Directions for this task:
The listing below is to be copied exactly, with pictures excluded.
BEGIN Data block
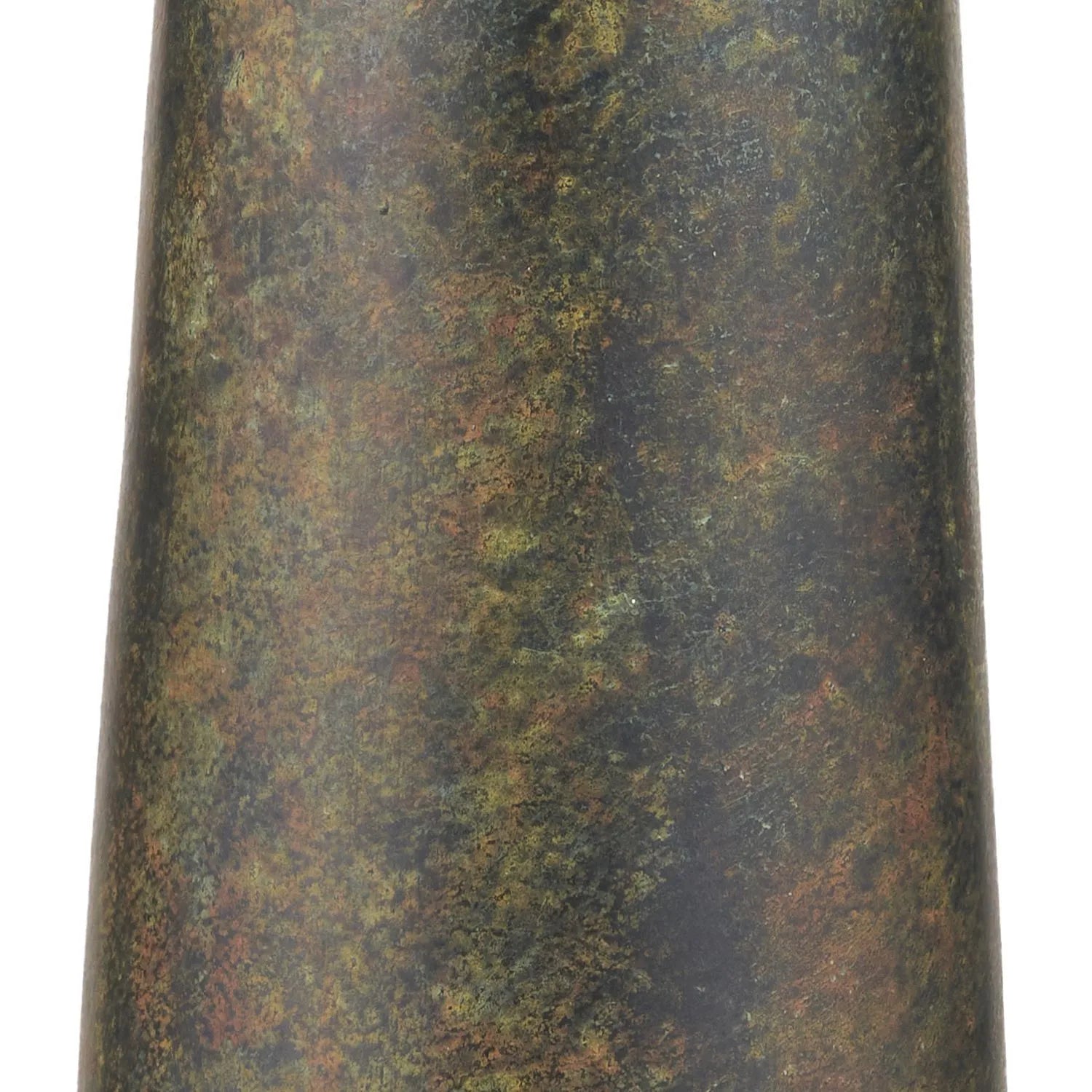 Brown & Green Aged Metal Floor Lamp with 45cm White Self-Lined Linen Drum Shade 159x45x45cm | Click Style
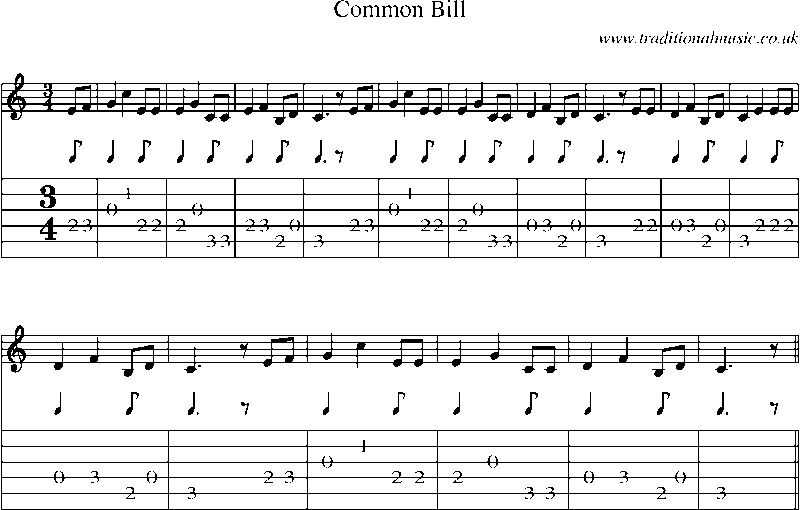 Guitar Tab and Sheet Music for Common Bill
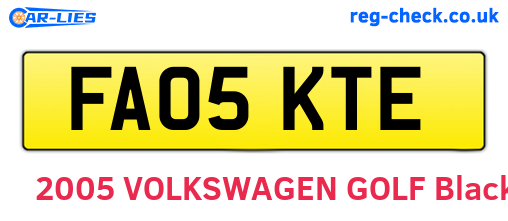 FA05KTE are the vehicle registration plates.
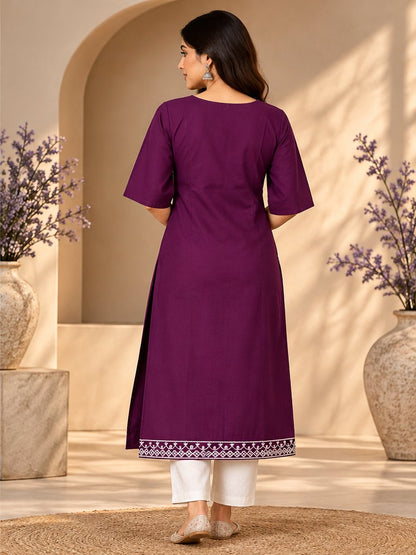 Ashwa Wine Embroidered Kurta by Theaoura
END Data block
Exercise response:
 Brown & Green Aged Metal Floor Lamp with 45cm White Self-Lined Linen Drum Shade 159x45x45cm | Click Style
 Guitar Tab and Sheet Music for Common Bill
 FA05KTE are the vehicle registration plates.
 Ashwa Wine Embroidered Kurta by Theaoura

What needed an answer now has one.